▶ **Exercise prompt**: Retyping the records exactly, down to the last line, is the whole job.

------------

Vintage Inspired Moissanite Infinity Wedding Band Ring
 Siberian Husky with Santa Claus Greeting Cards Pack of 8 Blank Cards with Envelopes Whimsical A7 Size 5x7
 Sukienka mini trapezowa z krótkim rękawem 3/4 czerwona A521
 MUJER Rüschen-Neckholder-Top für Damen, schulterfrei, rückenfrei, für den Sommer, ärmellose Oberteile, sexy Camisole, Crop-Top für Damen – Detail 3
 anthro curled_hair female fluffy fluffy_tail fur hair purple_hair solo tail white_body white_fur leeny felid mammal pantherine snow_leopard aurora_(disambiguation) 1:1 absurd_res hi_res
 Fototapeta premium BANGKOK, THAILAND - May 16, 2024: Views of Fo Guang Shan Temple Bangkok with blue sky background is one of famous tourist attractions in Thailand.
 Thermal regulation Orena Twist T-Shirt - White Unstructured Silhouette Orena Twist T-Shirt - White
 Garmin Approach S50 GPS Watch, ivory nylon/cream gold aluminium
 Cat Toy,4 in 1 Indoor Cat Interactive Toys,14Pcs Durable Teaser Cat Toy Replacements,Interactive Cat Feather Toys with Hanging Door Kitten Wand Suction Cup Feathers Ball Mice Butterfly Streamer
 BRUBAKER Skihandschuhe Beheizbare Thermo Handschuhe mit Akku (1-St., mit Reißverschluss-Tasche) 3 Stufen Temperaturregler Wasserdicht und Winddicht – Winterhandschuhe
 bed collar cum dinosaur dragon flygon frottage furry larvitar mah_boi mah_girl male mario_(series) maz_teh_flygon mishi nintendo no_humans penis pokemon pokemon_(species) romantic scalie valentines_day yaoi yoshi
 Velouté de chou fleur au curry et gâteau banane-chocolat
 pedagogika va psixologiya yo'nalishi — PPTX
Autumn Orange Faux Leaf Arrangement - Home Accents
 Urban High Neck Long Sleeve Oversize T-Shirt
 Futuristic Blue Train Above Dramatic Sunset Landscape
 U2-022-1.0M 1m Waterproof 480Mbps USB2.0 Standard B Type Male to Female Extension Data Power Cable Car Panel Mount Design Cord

------------

▶ **Solution below**:
Vintage Inspired Moissanite Infinity Wedding Band Ring
 Siberian Husky with Santa Claus Greeting Cards Pack of 8 Blank Cards with Envelopes Whimsical A7 Size 5x7
 Sukienka mini trapezowa z krótkim rękawem 3/4 czerwona A521
 MUJER Rüschen-Neckholder-Top für Damen, schulterfrei, rückenfrei, für den Sommer, ärmellose Oberteile, sexy Camisole, Crop-Top für Damen – Detail 3
 anthro curled_hair female fluffy fluffy_tail fur hair purple_hair solo tail white_body white_fur leeny felid mammal pantherine snow_leopard aurora_(disambiguation) 1:1 absurd_res hi_res
 Fototapeta premium BANGKOK, THAILAND - May 16, 2024: Views of Fo Guang Shan Temple Bangkok with blue sky background is one of famous tourist attractions in Thailand.
 Thermal regulation Orena Twist T-Shirt - White Unstructured Silhouette Orena Twist T-Shirt - White
 Garmin Approach S50 GPS Watch, ivory nylon/cream gold aluminium
 Cat Toy,4 in 1 Indoor Cat Interactive Toys,14Pcs Durable Teaser Cat Toy Replacements,Interactive Cat Feather Toys with Hanging Door Kitten Wand Suction Cup Feathers Ball Mice Butterfly Streamer
 BRUBAKER Skihandschuhe Beheizbare Thermo Handschuhe mit Akku (1-St., mit Reißverschluss-Tasche) 3 Stufen Temperaturregler Wasserdicht und Winddicht – Winterhandschuhe
 bed collar cum dinosaur dragon flygon frottage furry larvitar mah_boi mah_girl male mario_(series) maz_teh_flygon mishi nintendo no_humans penis pokemon pokemon_(species) romantic scalie valentines_day yaoi yoshi
 Velouté de chou fleur au curry et gâteau banane-chocolat
 pedagogika va psixologiya yo'nalishi — PPTX
Autumn Orange Faux Leaf Arrangement - Home Accents
 Urban High Neck Long Sleeve Oversize T-Shirt
 Futuristic Blue Train Above Dramatic Sunset Landscape
 U2-022-1.0M 1m Waterproof 480Mbps USB2.0 Standard B Type Male to Female Extension Data Power Cable Car Panel Mount Design Cord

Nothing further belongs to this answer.